WASHINGTON — The banana-cashmere trade controversy has apparently been passed to President Clinton to decide as a foreign policy issue.
The question for importers and retailers comes down to whether European cashmere apparel will be banned from American stores this fall.
While scores of U.S. retailers and manufacturers have filed comments supporting or denigrating the U.S.’s tentative decision to impose “killer duties” on cashmere apparel, the topic has become such a political hot potato that the buck has been passed to the Oval Office, sources said Tuesday.
The Office of the U.S. Trade Representative has completed its final list of recommended European products that would be subject to at least 100 percent duties in retaliation for European Union’s refusal to alter its banana trade policy and its import ban on beef raised with growth hormones.
Congress set a June 19 deadline for the agency to issue these “hit lists” after enacting a law that requires the U.S. to rotate the products subject to retaliatory duties every six months.
The deadline came and went with no action. Officials with USTR said this was due to the large number of comments filed by those seeking to have products knocked off or kept on the lists, which would target $308.2 million worth of European goods.
The proposed banana retaliation list includes cashmere sweaters, coats, pullovers and vests; cotton bed linens; handbags; plastic-coated accessories; bath preparations and gourmet food items. The proposed beef hit list includes two man-made fiber yarns, gourmet food, electric hair clippers and small motorcycles.

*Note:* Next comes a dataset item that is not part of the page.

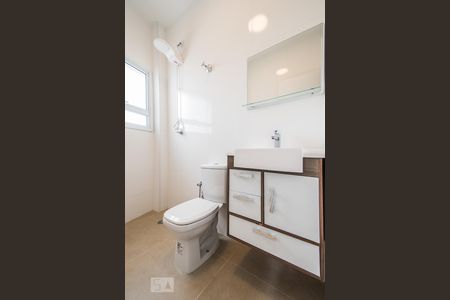 Banheiro de kitnet/studio à venda com 1 quarto, 34m² em Centro, São Paulo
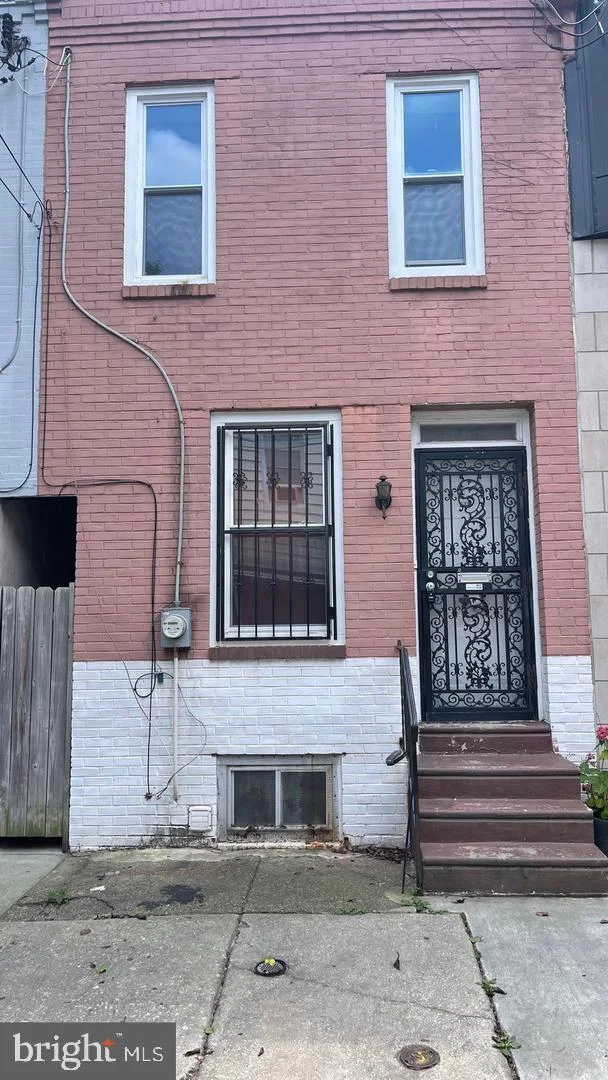 534 Dudley Street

Retail and import interests have argued that hitting cashmere now will put many small- and medium-size retail and importing companies out of business, while dealing a severe financial blow to even the largest American chains.
On the other side, U.S. agriculture and textile interests have countered that the Europeans will never budge if the U.S. targets hair clippers and bath salts, and that only a cashmere apparel ban will get their attention.
Sources said British Prime Minister Tony Blair has twice called Clinton in recent weeks imploring him to make sure cashmere is not targeted. Sources said Blair has argued that a cashmere ban would put virtually all of Britain’s cashmere industry out of business, since their U.S. sales account for nearly all their income. Last year, Blair intervened and cashmere was dropped from the final hit list.
It is not known whether any Italian government officials similarly sought to lobby Clinton or administration officials.
Italy and Britain account for nearly all the high-quality cashmere apparel imported into the United States.